I must say that I think this is great. To clarify, I think the business end of it sure looks grim, but what did China expect after forcing Google to censor it’s web search? For those of you that aren’t aware, China censors the country’s Internet access to block all “offending” subjects from entering their citizen’s computers. What the exact definition of “offending” may be is anyone’s guess, but all the standards are sure to apply.

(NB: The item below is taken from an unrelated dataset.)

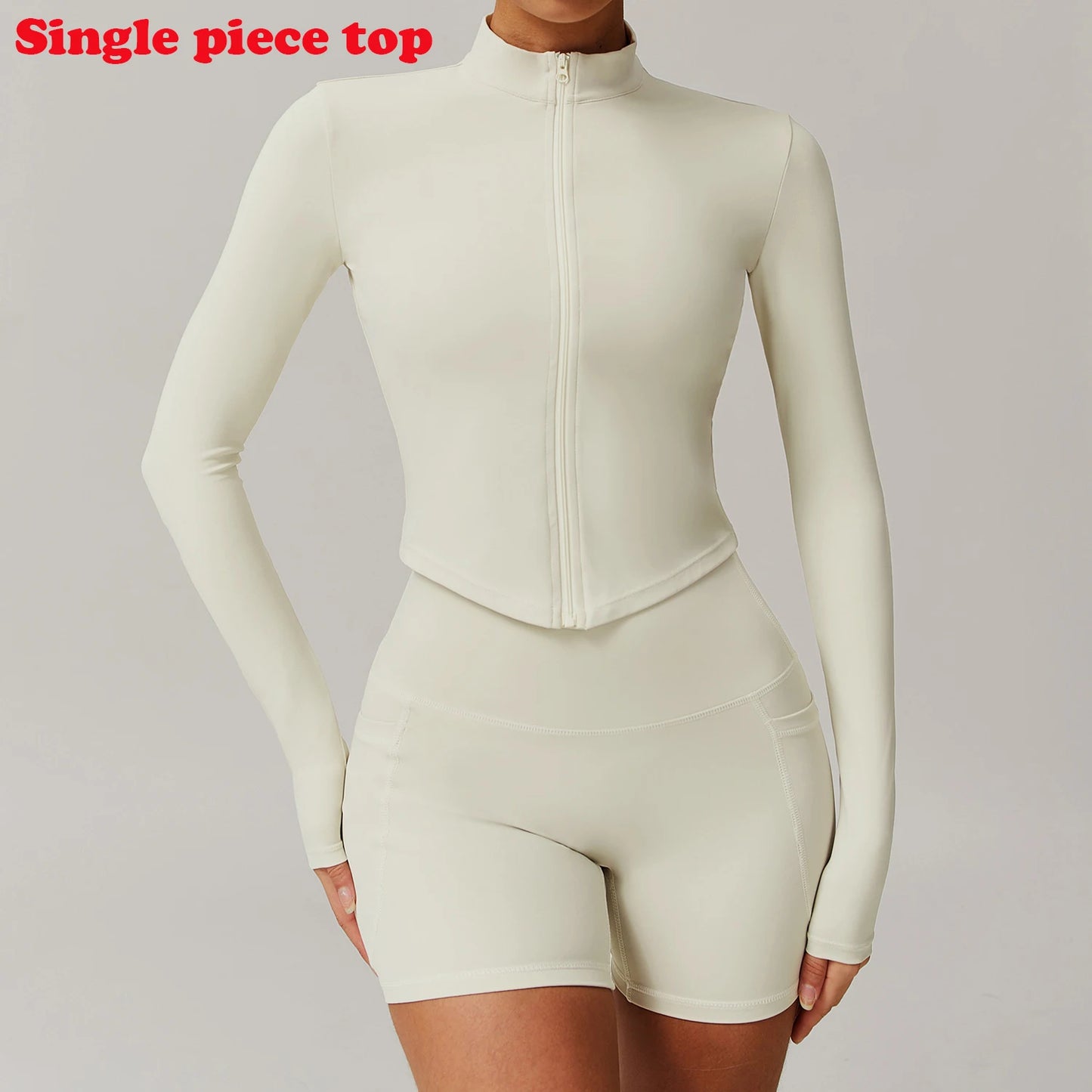 Women’s Slim Fit Zipper Jacket – Long Sleeve Fast-Dry Yoga & Fitness Top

All this is controlled by the People’s Republic of China (PRC) and in total, there are over 60 regulations just on the Internet, which not only includes content blocking, but also the monitoring of Internet usage directly into people’s homes. This is all accomplished by enforcing these regulations at the state-owned ISP level. According to Wikipedia, in December of 1997, these regulations were entered into law:
No unit or individual may use the Internet to create, replicate, retrieve, or transmit the following kinds of information:
- Inciting to resist or breaking the Constitution or laws or the implementation of administrative regulations;
- Inciting to overthrow the government or the socialist system;
- Inciting division of the country, harming national unification;
- Inciting hatred or discrimination among nationalities or harming the unity of the nationalities;
- Making falsehoods or distorting the truth, spreading rumors, destroying the order of society;
- Promoting feudal superstitions, sexually suggestive material, gambling, violence, murder;
- Terrorism or inciting others to criminal activity; openly insulting other people or distorting the truth to slander people;
- Injuring the reputation of state organs;
- Other activities against the Constitution, laws or administrative regulations.

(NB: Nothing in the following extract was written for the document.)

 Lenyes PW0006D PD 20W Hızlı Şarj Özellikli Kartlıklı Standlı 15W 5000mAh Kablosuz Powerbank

Of course, nobody really wants to promote that kind of stuff, but the idea of a government controlling this content is disturbing to say the least. Imagine how many doors this can open (or close for that matter). It is said that China has the strictest laws about what kind of content can be seen in its country and because of this, they also have the largest number of journalists and cyber-dissidents in the world!
Google says, “no way”.
Google’s position stems from their will to keep the Internet free of censorship and to provide a freedom of self-expression and free speech environment for the whole world to enjoy. And frankly, they do a damn good job of it. At this time, it’s not completely official, but the plan is to be out of China by April 10th. Currently, Google is operating under the Google.cn domain name with censored search results and if the site does go dark, it may still be possible for Chinese web surfers to access Google through our Google.com domain–that is of course if the PRC doesn’t block all of Google entirely.
Let’s just hope this whole thing isn’t powerful enough to complete sever ties between our two countries.
::UPDATE:: Google.cn is now forwarding traffic to Google.com.hk (the Hong Kong Google) which was supposed to allow Chinese surfers to view uncensored search results, but it looks like it’s backfiring on them because China is till censoring Internet traffic at higher levels. I have a feeling this virtual war is going to be bad.